═════ Data extracts
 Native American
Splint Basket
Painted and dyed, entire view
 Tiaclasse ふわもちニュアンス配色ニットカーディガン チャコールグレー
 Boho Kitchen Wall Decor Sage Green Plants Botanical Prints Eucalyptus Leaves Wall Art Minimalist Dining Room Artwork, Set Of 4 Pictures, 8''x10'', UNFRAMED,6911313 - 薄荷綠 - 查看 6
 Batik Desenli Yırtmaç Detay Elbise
══════════
═════ Data extracts
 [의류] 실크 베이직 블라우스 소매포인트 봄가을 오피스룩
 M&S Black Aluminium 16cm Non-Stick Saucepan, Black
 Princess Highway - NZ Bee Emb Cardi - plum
══════════
═════ Data extracts
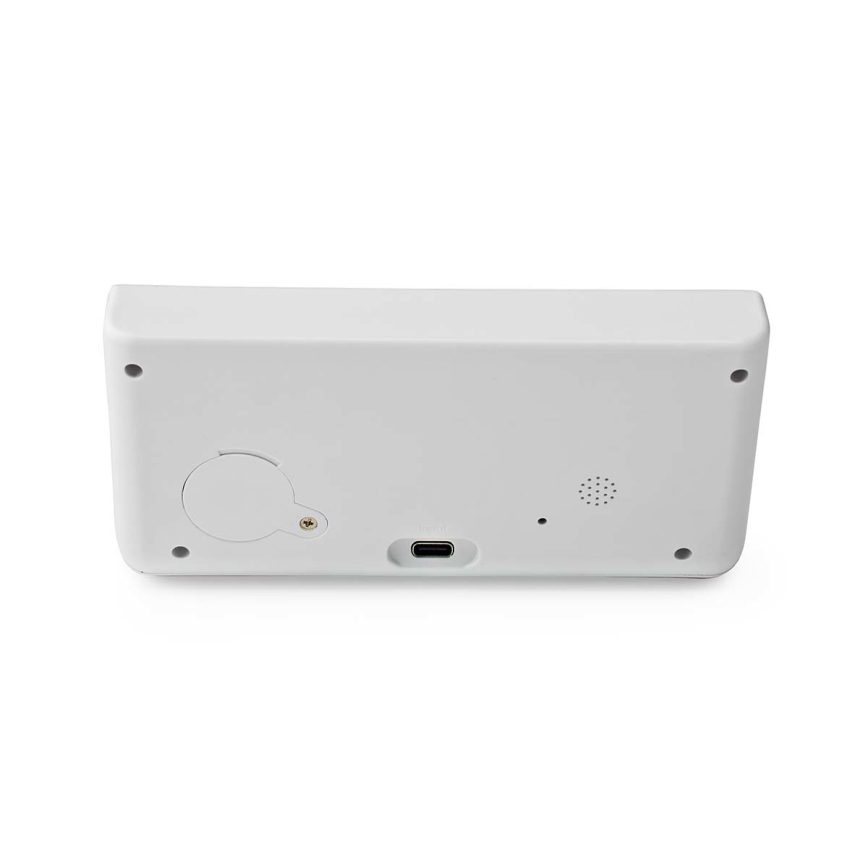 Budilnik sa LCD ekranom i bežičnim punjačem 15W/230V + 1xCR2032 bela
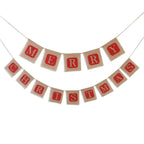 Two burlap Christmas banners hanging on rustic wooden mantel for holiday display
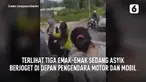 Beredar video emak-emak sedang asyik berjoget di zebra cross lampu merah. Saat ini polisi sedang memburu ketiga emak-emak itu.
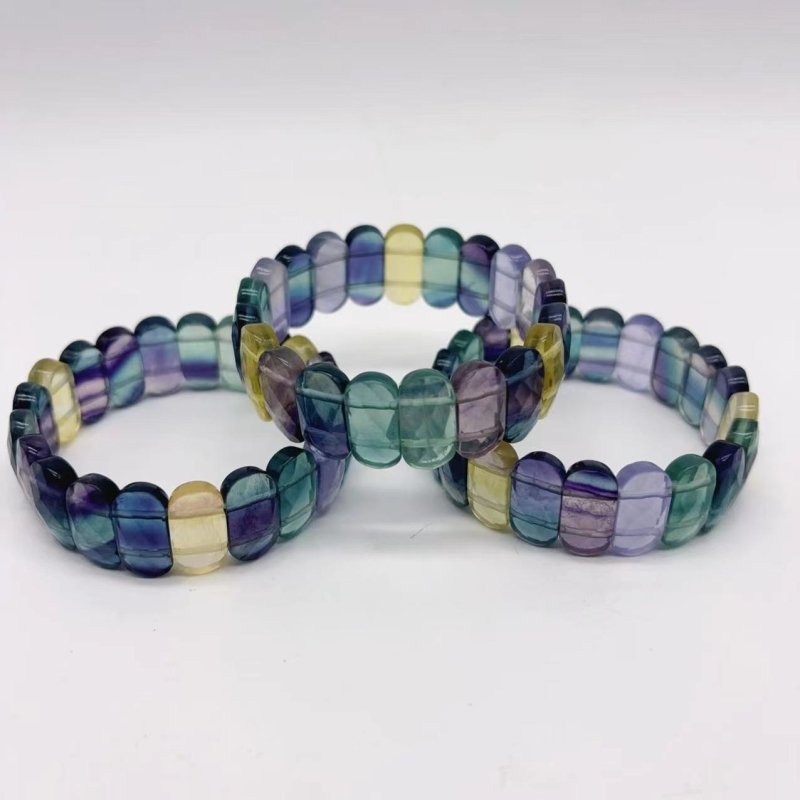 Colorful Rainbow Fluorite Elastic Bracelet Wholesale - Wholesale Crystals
══════════
Starting at the line above that contains "Boho Kitchen Wall", repeat each line exactly up to and including the line that contains "Batik Desenli Yırtmaç Detay Elbise", and stop there.

» Response area:
 Boho Kitchen Wall Decor Sage Green Plants Botanical Prints Eucalyptus Leaves Wall Art Minimalist Dining Room Artwork, Set Of 4 Pictures, 8''x10'', UNFRAMED,6911313 - 薄荷綠 - 查看 6
 Batik Desenli Yırtmaç Detay Elbise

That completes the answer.